Era verdade. Os dois na infância nadavam juntos procurando alguma resposta naquele lago. Por anos, Luke e Ubi mergulharam ali e nada encontraram.
-Agora somos homens adultos. Nossas perspectivas de vida são mais... Experientes. -Ele precisou se segurar para não dizer "Evoluídas". Ubi não gostaria de ouvir aquelas palavras.
-Muito bem. -Ubi suspirou. -Vamos.
-E se ele tentar te afogar? -Um dos homens jovens no canto da mesa indagou.
-Isso não vai acontecer. -Ubi respondeu.
-Eu jamais tentaria machucar o Ubi! -Luke gritou.

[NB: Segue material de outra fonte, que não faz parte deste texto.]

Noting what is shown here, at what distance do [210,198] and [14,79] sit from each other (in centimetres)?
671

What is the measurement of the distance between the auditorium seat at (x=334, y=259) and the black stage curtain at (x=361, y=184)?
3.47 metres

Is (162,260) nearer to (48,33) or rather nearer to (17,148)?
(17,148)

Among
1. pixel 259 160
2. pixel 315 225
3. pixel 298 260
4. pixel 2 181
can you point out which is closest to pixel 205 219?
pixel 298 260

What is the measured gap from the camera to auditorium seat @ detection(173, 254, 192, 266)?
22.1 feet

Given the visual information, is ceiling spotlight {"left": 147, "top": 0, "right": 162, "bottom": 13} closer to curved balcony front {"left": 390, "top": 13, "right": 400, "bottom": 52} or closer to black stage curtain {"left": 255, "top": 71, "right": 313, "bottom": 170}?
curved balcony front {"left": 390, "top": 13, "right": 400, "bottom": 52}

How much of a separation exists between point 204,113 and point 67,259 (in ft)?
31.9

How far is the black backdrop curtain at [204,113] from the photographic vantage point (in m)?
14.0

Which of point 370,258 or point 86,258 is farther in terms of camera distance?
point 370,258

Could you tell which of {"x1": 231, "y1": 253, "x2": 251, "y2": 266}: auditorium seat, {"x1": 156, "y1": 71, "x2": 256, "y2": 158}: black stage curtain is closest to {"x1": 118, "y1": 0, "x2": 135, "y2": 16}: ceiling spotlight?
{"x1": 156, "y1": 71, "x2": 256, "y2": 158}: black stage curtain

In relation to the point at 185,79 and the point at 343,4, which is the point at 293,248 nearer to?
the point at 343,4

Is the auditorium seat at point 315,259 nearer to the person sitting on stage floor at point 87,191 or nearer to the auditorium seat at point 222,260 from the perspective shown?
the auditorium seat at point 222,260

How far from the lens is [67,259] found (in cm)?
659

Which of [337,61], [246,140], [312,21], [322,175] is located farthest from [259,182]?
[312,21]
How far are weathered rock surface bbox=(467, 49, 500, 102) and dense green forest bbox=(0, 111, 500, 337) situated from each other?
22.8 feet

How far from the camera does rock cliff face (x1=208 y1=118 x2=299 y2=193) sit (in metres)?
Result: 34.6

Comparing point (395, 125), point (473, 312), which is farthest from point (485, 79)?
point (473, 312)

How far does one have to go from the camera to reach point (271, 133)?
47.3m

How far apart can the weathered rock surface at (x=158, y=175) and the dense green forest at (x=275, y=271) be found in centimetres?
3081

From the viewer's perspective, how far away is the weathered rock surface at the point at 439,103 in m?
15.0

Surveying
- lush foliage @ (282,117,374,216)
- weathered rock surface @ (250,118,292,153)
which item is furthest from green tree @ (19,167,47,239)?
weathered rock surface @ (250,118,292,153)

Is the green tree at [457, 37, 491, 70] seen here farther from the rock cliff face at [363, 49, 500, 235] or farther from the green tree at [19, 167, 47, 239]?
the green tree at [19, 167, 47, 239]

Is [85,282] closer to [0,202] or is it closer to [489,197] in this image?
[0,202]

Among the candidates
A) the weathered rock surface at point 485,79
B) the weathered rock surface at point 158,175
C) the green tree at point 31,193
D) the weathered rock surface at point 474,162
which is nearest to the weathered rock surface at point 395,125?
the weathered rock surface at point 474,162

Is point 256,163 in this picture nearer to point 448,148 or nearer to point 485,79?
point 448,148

-Parem, os dois. -Ubi sorriu. -Não quero brigas aqui em Nargur.
-Mas...
-Por favor. -Ubi sorriu educadamente para o homem.
O homem abaixou o olhar.
-Desculpe.
Ubi sorriu e saiu andando. Luke foi atrás dele, os homens atrás deles começaram a resmungar. Luke se preocupou, pois os dois homens ao lado de Ubi ficaram apenas em silêncio, olhando para ele. Além de Ubi, outros 14 homens se sentavam naquela mesa. "Sete, um a cada lado do líder" era o sistema deles, a crença era de quê sete era um número abençoado, e era necessário equilíbrio dos dois lados do líder.
Luke e Ubi caminharam até o cais, onde ficaram parados olhando para a água. Pessoas ao redor deles davam oi e sorriam para eles. O perigo em Ubi era esse: seu carisma. Ele era amado por ser calmo e tranquilo. Seu bom humor cativava a todos. Qualquer um ouviria uma pessoa dessa, e ele seria capaz de convencer a todos qualquer coisa, mesmo que parecesse coisa de outro mundo.
Ele era como Ninguém.
-Vamos lá, qual a sua ideia? -Ubi olhou para ele.
-Precisamos achar algo. Tem alguma coisa aqui no lago. Só precisamos encontrar. Talvez a maldição esteja em algum buraco, em algum animal, ou em alguma coisa que esteja no fundo.
-Acho que isso é idiotice. Se houvesse algo assim, teríamos visto.
-É. Talvez. Mas o quê custa uma nova olhada?
-Luke, por favor. Vamos ser racionais.
'Falou o cara que acredita em uma maldição imaginária."
-Vamos. Mas vamos tentar. Talvez o problema esteja lá. Precisamos vasculhar cada canto desse lago. E depois cada canto de Nargur.
-E aí?
-Isso vai levar um tempo, mas vamos descobrir a fonte da maldição. E aí...
-Destruímos?
-É.
-E se não funcionar?
-Aí a maldição não vai poder ser quebrada.
-Vamos fazer o possível, velho amigo.
-Vamos. Nós dois vamos quebrar a maldição de Nargur.